The Portfolio Manager is Canyon CLO Advisors LP (formerly Canyon CLO Advisors LLC), is registered as an investment advisor with the SEC and is a global value oriented alternative asset manager that employs a variety of credit strategies across a broad spectrum of asset classes.
Eligibility Criteria (includes): it is a Secured Senior Obligation, a Corporate Rescue Loan, an Unsecured Senior Obligation, a Mezzanine Obligation, a Second Lien Loan or a High Yield Bond (in each case, which is not a sub-participation of a sub-participation); it is not a Structured Finance Security, a Letter of Credit or a Synthetic Security; it is not a Zero Coupon Security; it is not subject to a tender offer, voluntary redemption, exchange offer, conversion or other similar action for a price less than its par amount plus all accrued and unpaid interest; is an obligation of an Obligor or Obligors Domiciled in a Non-Emerging Market Country (as determined by the Portfolio Manager acting on behalf of the Issuer); it is not a Project Finance Loan.

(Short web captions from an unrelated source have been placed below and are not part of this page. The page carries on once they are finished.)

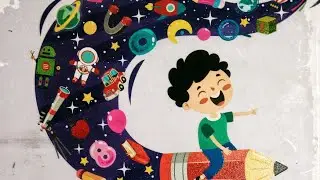 Please support me bachcho and subscribe to my channel 
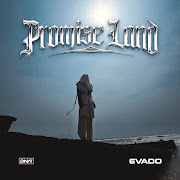 I Am Ready cover art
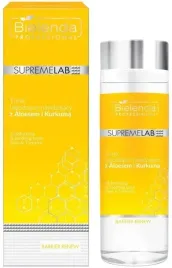bielenda-supremelab-barrier-renew-tonik-lagodzacy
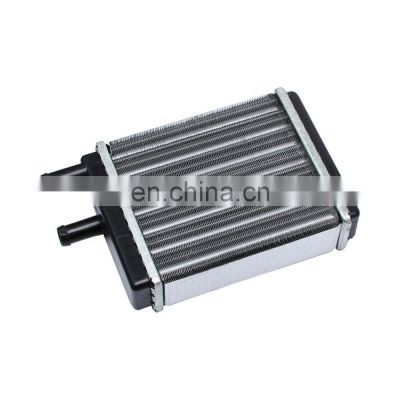 germany high standard quality cheap competitive automotive parts LHT5009 radiator heater core for vw golf caddy 32b 33 33b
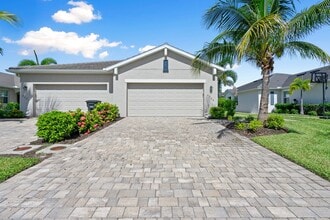 Building Photo - 4288 Lemongrass Dr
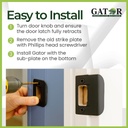 gator-door-strike-plate-with-screws-2-14-4.jpg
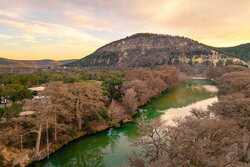 1644 Mountain Valley Concan TX 78838
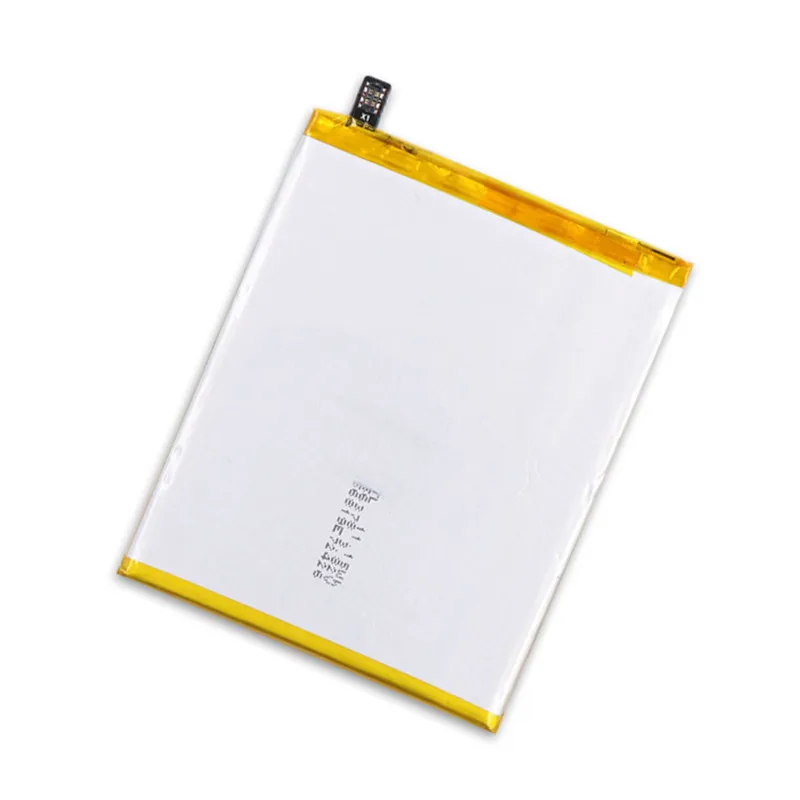 Аккумулятор для Meizu M6 MTK6750 M711H BA711 3020 мАч|Аккумуляторы мобильных телефонов| |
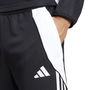 Tiro 24 Training Tracksuit Bottoms Mens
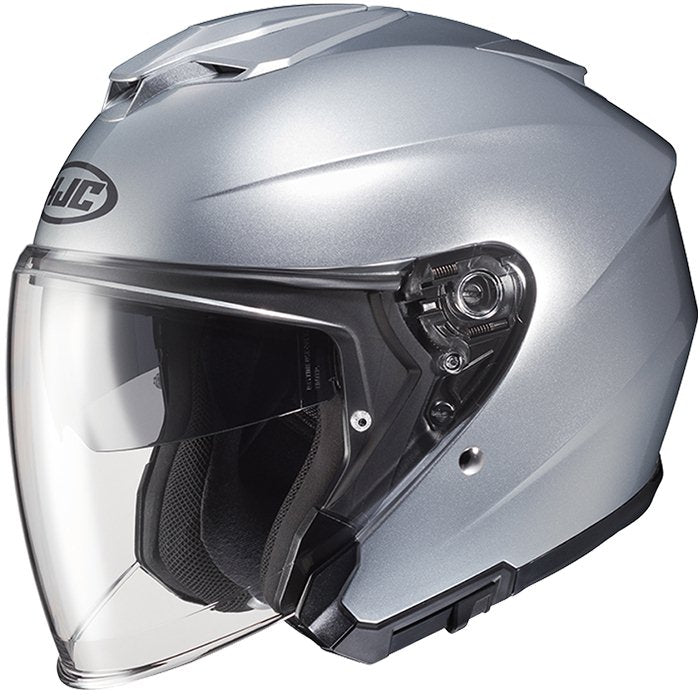 HJC Helmets 2020 | Featuring The New i30 Cruiser Helmets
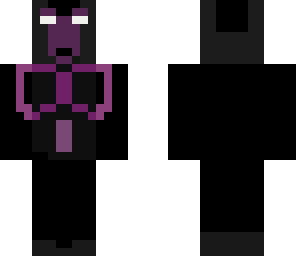 antiman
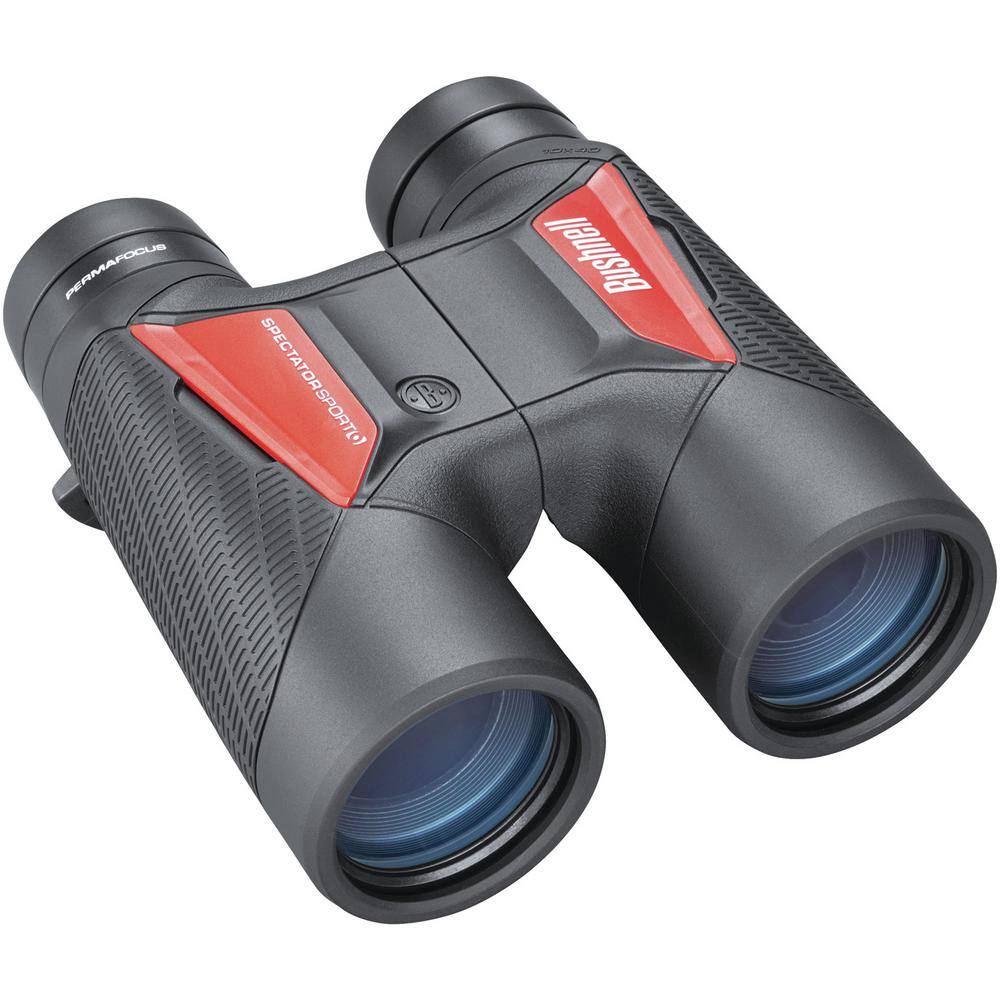 Bushnell Spectator Sport 10 mm x 40 mm Binoculars BS11040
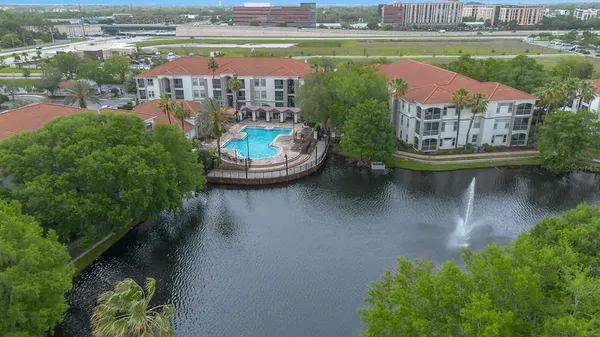 $1,700 | 2705 Maitland Crossing Way, Unit 303, Orlando, FL 32810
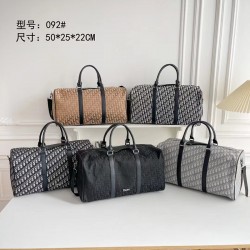 Good Quality Other Bags and Purses $30–$50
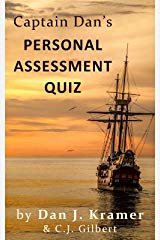 Captain Dan's Personal Assessment Quiz & Guide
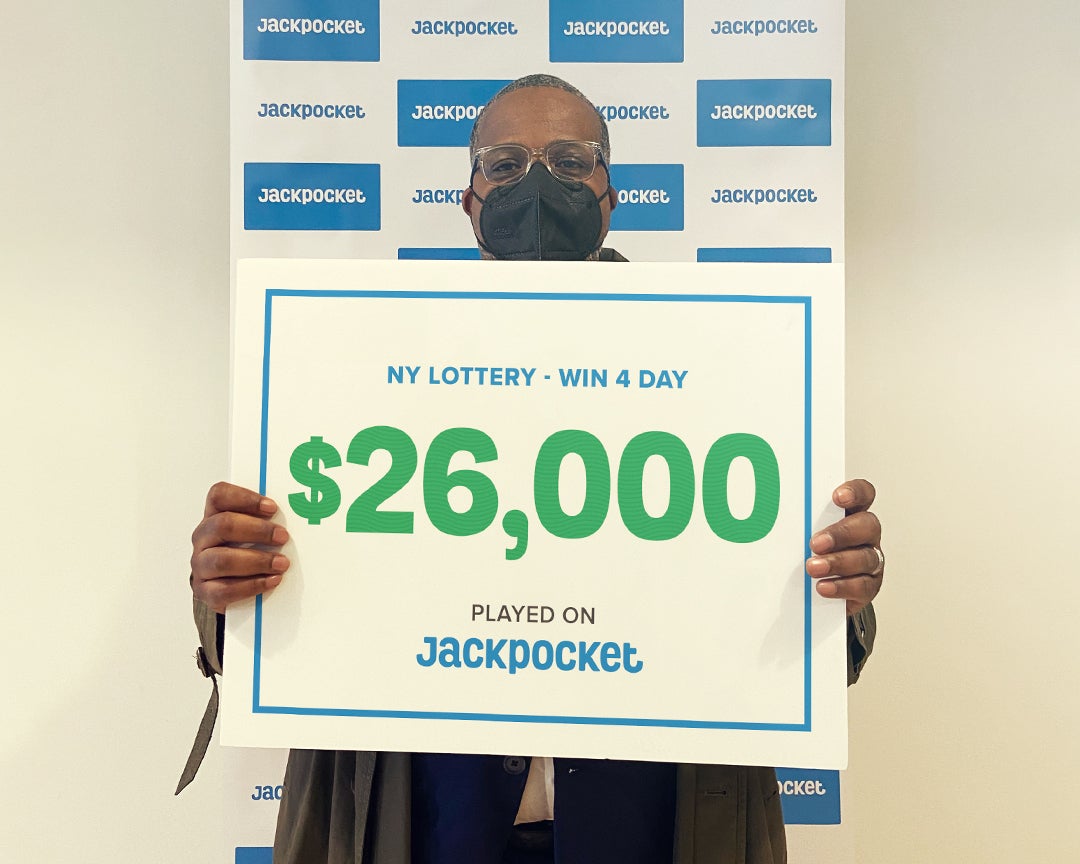 2023 Featured Jackpocket Lottery Winners Lottery Blog 2023-featured-jackpocket-lottery-winners-lottery-blog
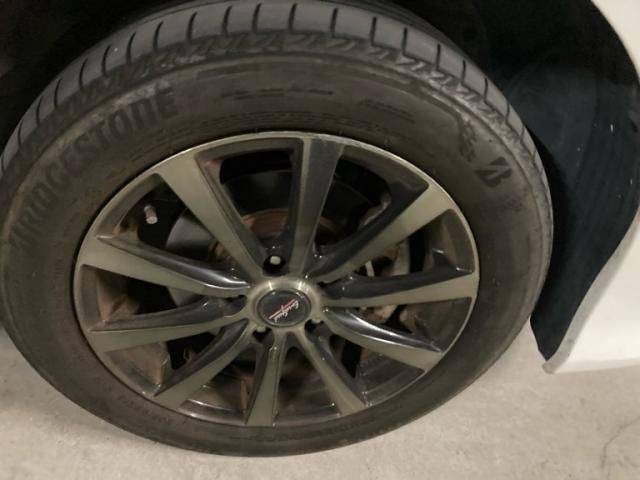 NISSAN SERENA  WG 2011 Image 31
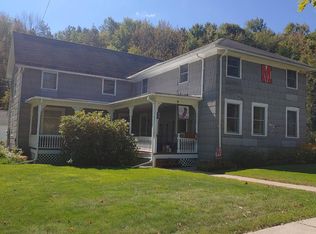 9 Bristol St, Cuba, NY 14727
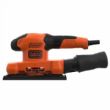 Black & Decker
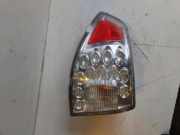 Rücklicht hinten rechts SUBARU IMPREZA Hatchback (GR, GH, G3) 2.0 D AWD 22020024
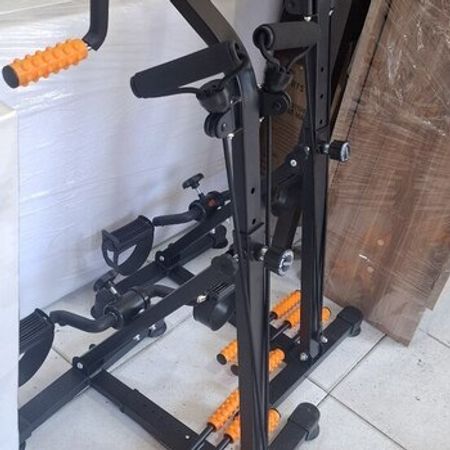 Velo əl ayaq jqutlu – Bakı – ucuztap.az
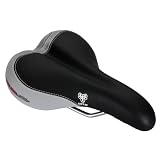 Wtb Leisure She Comp Saddle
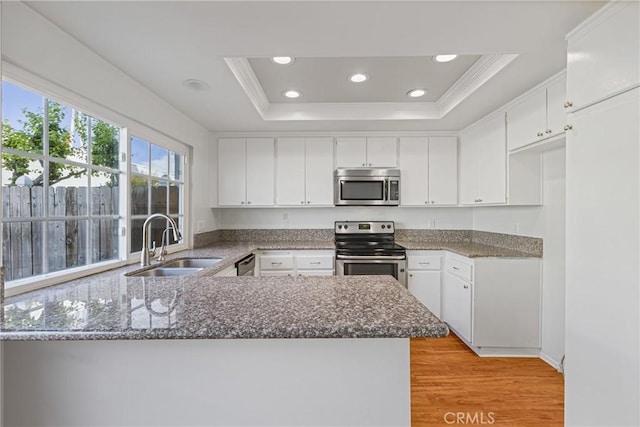 32 Goldenbush, Irvine, CA 92604 - photo 14
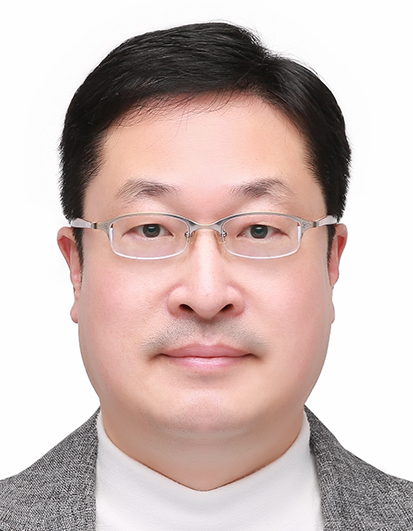 방준석 프로필 사진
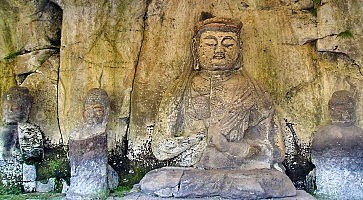 buddha-usuki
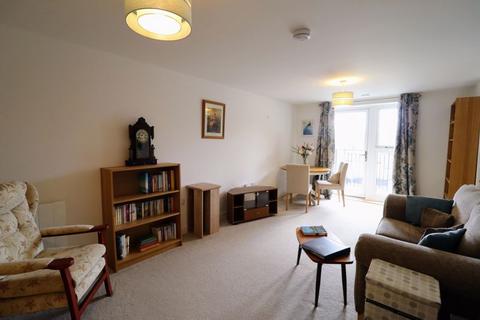 1 bedroom apartment for sale, Jupiter House, Hindhead Knoll, Walnut Tree, Milton Keynes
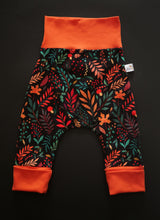 Charger l'image dans la galerie, Pantalon évolutif Automne 🧡
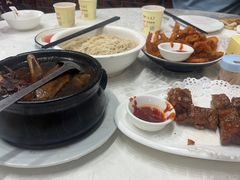 -味友·厦门味(集美店)
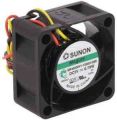 MF40200V1-1000U-G99 40x20 5в Vapo 3 пров.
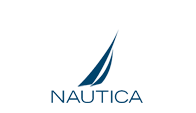 Nautica Logo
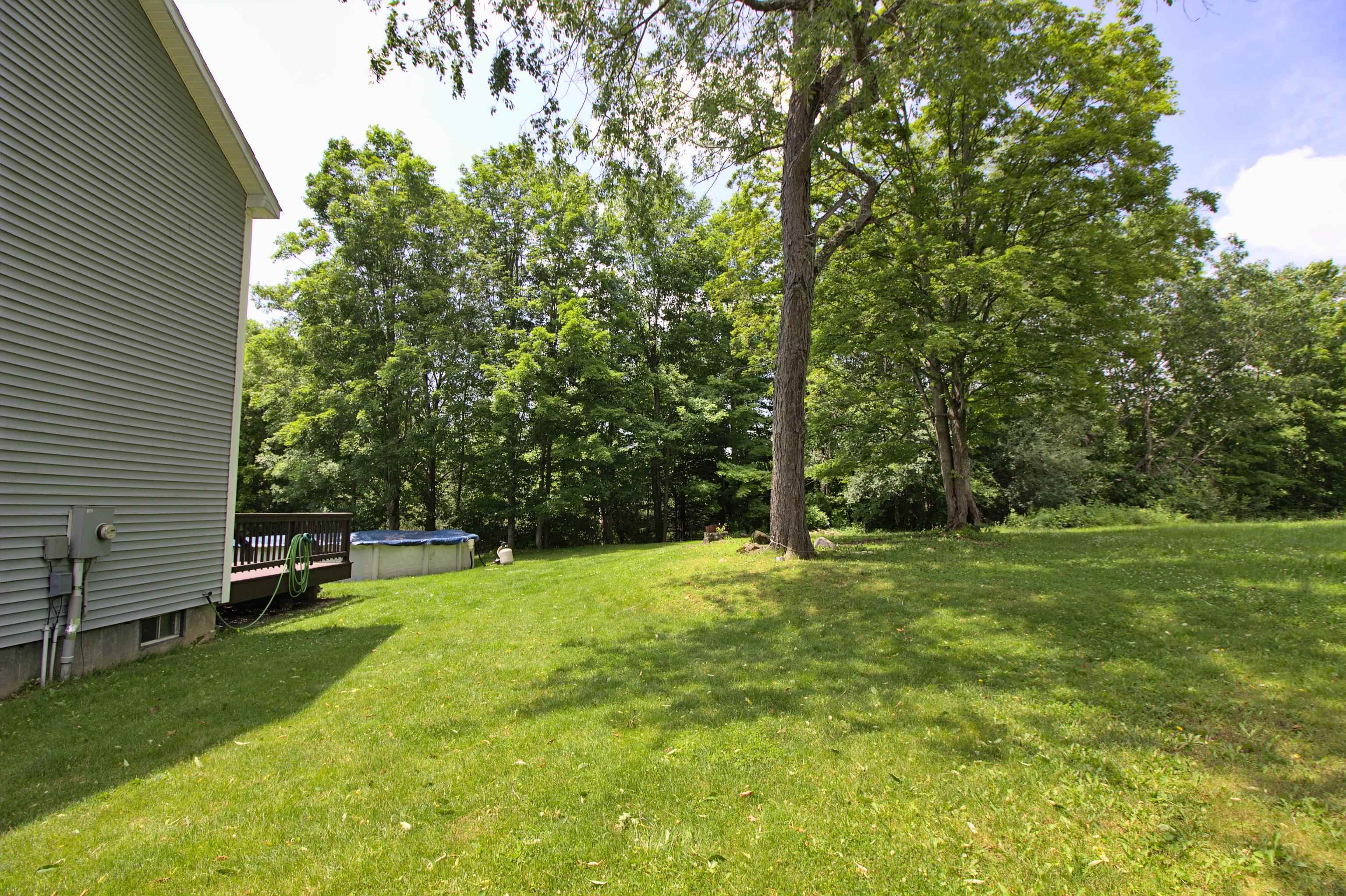 19 Royal Street Property Photo 7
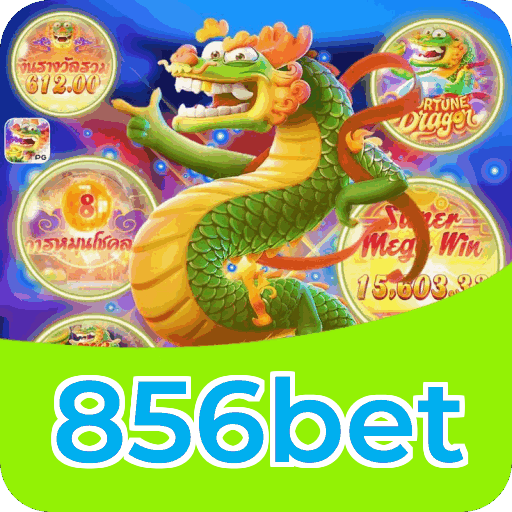 Fortune Tiger - Slot com RTP 96.81%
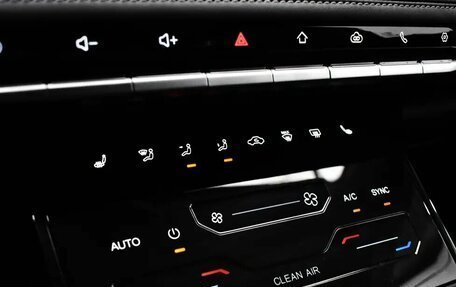 Chery Tiggo 7 Pro, 2022 год, 1 590 000 рублей, 10 фотография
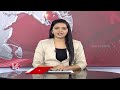 Teenmaar Mallanna Demands Govt To Put 1 Lakh Crore Budget For BCs | V6 News - 03:36 min - News - Video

The Issuer anticipates that, by the Issue Date, it will have purchased or committed to purchase Collateral Obligations the Aggregate Principal Balance of which is equal to at least €380mln, which is approximately 95.0% of the Target Par Amount.
The Rated Notes (other than €2,500,000 of the initial Principal Amount Outstanding of the Class E Notes and the Class F Notes) are being offered by the Issuer through Jefferies International Limited in its capacity as placement agent of such Notes subject to prior sale.
UK/EU Risk Retention: Canyon CLO Advisors LP (the “Retention Holder”) will undertake, amongst other things, that it will retain certain of the Subordinated Notes in connection with the EU/UK Retention Requirements.
US Risk Retention: Based on the LSTA Decision, it should be assumed by each prospective investor that no party involved in the transaction will retain any Notes intended to satisfy the US Risk Retention Rules.